== WHAT YOU SHOULD DO ==
What lines in this listing contain the string "tras"? Report each one by copying it.

==== INFORMATION PROVIDED

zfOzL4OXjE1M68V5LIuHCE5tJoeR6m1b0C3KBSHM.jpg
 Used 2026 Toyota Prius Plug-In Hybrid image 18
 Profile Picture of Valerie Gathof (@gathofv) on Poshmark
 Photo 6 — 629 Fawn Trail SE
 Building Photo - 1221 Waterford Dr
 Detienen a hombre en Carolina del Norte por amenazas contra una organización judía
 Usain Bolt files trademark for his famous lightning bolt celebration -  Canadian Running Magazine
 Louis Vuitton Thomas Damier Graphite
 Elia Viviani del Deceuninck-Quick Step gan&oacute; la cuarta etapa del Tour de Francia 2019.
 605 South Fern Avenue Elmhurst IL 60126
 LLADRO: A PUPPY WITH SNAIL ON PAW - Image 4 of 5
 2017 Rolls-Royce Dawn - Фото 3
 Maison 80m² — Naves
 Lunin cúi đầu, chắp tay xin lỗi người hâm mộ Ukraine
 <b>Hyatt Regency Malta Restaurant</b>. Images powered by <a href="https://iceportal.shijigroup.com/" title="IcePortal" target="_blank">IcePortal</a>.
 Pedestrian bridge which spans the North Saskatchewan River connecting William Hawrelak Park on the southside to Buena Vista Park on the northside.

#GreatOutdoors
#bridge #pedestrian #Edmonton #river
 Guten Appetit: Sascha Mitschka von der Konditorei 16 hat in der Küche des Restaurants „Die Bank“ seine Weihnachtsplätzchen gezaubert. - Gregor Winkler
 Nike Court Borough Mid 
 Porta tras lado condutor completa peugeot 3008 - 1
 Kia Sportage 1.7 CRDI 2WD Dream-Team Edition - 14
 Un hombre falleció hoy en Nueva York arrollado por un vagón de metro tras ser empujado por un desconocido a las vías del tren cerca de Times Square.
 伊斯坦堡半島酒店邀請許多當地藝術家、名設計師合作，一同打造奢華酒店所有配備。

========

== WRITTEN RESPONSE ==
 Porta tras lado condutor completa peugeot 3008 - 1
 Un hombre falleció hoy en Nueva York arrollado por un vagón de metro tras ser empujado por un desconocido a las vías del tren cerca de Times Square.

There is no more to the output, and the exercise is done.